これは素晴らしい成果だ。これにより、DNAストレージがSQL操作をサポートし、データの一部に対して選択的なアクセスや処理を実行できることが示された。こういったデータが、データベース上で演算処理を実行するためにフェッチされたわけではない点に注意してほしい。Appuswamy氏とHeinis氏は、オリゴ上でSQLのテーブル結合といった操作を実現する方法を発見した。この成果は、生化学ストレージという枠を超え、生化学コンピュートまでもが可能になるということを示すものだ。
しかし、このような成果を実現するうえで、リサーチャーらはDNAを用いた情報のエンコーディングとデコーディングに使用されるテクノロジーに内在する一連の問題に取り組む必要があった。DNA上での操作の実行には、生化学的な操作に適したオリゴを生成するための特別なエンコーディング技法が必要となる。また、DNAに格納されたデータの読み込み処理では、現在のところエラーが発生しやすいものとなっており、従前の取り組みではデータは過剰なまでの複製を必要としていた。つまり、データごとに数多くのコピーを作成しておき、オリジナルが損傷していた場合でもバックアップが使えるようになっていた。

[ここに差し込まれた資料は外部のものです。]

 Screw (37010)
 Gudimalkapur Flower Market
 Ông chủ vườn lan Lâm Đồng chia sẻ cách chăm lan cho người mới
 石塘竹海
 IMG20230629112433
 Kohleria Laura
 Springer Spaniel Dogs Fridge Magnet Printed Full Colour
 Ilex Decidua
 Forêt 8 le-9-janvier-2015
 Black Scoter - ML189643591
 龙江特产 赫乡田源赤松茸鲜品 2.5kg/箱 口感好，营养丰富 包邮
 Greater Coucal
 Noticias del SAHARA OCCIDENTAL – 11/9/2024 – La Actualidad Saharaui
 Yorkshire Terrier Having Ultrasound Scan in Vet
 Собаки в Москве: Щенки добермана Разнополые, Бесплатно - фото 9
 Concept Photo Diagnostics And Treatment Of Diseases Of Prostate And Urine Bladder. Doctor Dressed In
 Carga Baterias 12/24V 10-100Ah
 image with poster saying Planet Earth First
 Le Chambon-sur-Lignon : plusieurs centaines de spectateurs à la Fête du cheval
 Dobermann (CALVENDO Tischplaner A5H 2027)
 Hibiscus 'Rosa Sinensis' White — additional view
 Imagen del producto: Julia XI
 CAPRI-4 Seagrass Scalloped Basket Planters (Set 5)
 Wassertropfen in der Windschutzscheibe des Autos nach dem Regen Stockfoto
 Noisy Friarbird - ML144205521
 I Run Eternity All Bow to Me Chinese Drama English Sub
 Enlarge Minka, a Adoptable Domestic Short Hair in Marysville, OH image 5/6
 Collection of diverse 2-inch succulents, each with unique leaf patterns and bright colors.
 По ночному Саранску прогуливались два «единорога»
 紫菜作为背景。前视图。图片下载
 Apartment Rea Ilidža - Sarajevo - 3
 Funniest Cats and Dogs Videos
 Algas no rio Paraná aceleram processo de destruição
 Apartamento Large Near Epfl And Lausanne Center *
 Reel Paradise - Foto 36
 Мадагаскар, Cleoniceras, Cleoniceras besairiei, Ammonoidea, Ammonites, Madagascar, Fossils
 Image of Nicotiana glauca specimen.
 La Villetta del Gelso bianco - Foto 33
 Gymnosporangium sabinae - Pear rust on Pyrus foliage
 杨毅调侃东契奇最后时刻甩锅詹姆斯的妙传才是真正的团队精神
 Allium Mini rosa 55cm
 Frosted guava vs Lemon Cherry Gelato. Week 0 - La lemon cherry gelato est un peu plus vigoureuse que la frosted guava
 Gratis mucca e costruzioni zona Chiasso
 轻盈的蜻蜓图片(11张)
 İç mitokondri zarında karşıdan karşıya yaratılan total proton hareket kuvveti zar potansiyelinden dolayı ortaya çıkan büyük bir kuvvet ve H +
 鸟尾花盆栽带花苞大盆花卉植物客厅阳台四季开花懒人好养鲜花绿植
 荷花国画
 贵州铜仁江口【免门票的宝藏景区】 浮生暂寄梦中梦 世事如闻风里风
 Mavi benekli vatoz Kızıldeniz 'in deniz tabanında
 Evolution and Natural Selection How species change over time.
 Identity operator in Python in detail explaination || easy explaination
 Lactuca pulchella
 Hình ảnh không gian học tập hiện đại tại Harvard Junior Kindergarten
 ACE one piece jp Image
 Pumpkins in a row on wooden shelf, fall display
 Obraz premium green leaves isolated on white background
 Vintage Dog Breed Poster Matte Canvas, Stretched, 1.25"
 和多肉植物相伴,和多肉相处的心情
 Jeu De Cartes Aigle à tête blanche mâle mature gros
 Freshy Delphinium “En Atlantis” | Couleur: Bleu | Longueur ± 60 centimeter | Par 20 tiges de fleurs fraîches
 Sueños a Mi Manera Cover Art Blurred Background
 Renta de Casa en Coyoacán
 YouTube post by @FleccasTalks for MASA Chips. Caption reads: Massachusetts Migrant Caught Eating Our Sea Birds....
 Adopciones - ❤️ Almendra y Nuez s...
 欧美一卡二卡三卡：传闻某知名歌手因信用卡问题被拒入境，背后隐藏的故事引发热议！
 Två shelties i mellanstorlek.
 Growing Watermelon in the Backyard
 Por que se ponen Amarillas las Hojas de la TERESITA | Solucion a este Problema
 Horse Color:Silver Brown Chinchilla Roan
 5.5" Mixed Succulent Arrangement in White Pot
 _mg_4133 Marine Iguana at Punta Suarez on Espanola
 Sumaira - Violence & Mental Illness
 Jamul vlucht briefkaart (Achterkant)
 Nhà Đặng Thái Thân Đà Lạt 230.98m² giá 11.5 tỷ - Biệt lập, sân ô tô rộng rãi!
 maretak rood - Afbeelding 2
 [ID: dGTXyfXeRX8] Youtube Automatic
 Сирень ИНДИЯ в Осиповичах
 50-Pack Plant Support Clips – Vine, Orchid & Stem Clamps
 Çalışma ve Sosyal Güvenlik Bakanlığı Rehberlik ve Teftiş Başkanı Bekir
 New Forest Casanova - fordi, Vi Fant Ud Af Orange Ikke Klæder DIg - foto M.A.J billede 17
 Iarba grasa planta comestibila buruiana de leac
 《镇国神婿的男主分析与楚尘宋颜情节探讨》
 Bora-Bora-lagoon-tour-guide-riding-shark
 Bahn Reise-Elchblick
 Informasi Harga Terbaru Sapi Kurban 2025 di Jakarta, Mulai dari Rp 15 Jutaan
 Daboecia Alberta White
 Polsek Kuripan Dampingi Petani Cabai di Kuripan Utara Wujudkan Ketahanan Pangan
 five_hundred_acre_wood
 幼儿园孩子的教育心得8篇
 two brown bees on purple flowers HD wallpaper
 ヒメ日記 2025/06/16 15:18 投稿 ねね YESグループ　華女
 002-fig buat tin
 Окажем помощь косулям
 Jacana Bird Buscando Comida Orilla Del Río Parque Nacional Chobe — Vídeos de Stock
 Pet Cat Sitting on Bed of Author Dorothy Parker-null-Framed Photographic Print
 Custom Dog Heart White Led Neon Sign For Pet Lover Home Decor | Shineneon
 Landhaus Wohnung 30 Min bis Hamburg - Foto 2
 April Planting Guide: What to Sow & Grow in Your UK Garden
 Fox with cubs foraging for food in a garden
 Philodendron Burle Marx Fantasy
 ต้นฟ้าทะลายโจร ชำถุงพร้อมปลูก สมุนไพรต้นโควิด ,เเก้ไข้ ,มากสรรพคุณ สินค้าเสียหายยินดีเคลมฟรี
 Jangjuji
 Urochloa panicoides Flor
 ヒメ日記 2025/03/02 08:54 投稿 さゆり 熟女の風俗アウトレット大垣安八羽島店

これに対して、Appuswamy氏とHeinis氏はメタデータを使用する手法を考え出した。彼らは書き込みを行うブロックに複数の追加ビットを加えることで、データベースのスキーマを意識させるようにしている。これによりエンコーディング(書き込み)処理中の密度が高まるとともに、デコーディング(読み込み)処理中のエラー識別が支援されるということが示された。彼らによると、これは期待を上回る結果になったという。ほんの少しのメタデータが大きく役に立ったというわけだ。
DNAはデータの未来となるのか?
テクノロジースタックを構成する要素はまだ成熟しきっていないとはいえ、これは大きなブレークスルーだ。データセンター向けの豊富なストレージが既に存在するというのは、今後を大きく変える可能性がある。ただ、ストレージやコンピュートとして現実的に使用できるDNAレベルの容量を持つメディアを作り出すということの意味は、われわれの想像力を超えたものとなっている。